Here are the data members of the class:

vec4 x;
vec4 y;
vec4 z;
vec4 w;

The vec4 class in turn provides these data members:

T x;
T y;
T z;
T w;

He then creates a function to point to just the first vec4 x data member:

    const T* Pointer() const
{
    return &x.x;
}

And somehow, this miraculously translates into sending all 4 vec4 objects and their respective 4 components:

glUniformMatrix4fv(modelviewUniform, 1, 0, modelviewMatrix.Pointer());

I'm fairly new to C++ but this surprised me that you can point to just one data member and expect all the rest to get sent as well. Is it because the class defines them in a particular order? What if they had been defined in a different order in the class definition?

解决方案

This is the C++ object model. You're guaranteed that within the same access level (private/public/protected), the object properties are in order (C++11), and the same for members without access specifiers between them (in C++03).

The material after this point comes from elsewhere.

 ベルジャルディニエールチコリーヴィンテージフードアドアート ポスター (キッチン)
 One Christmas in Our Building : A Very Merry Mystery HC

This doesn't mean what you're doing is a good idea. It's better to avoid the cast and just have the function do some more work.

C++11:

9.2 Class members [class.mem]

14) Nonstatic data members of a (non-union) class with the same access control (Clause 11) are allocated so that later members have higher addresses within a class object. The order of allocation of non-static data members with different access control is unspecified (11). Implementation alignment requirements might cause two adjacent members not to be allocated immediately after each other; so might requirements for space for managing virtual functions (10.3) and virtual base classes (10.1).

C++03

9.2 Class members [class.mem]

12) Nonstatic data members of a (non-union) class declared without an intervening access-specifier are allocated so that later members have higher addresses within a class object. The order of allocation of non-static data members separated by an access-specifier is unspecified (11.1). Implementation alignment requirements might cause two adjacent members not to be allocated immediately after each other; so might requirements for space for managing virtual functions (10.3) and virtual base classes (10.1).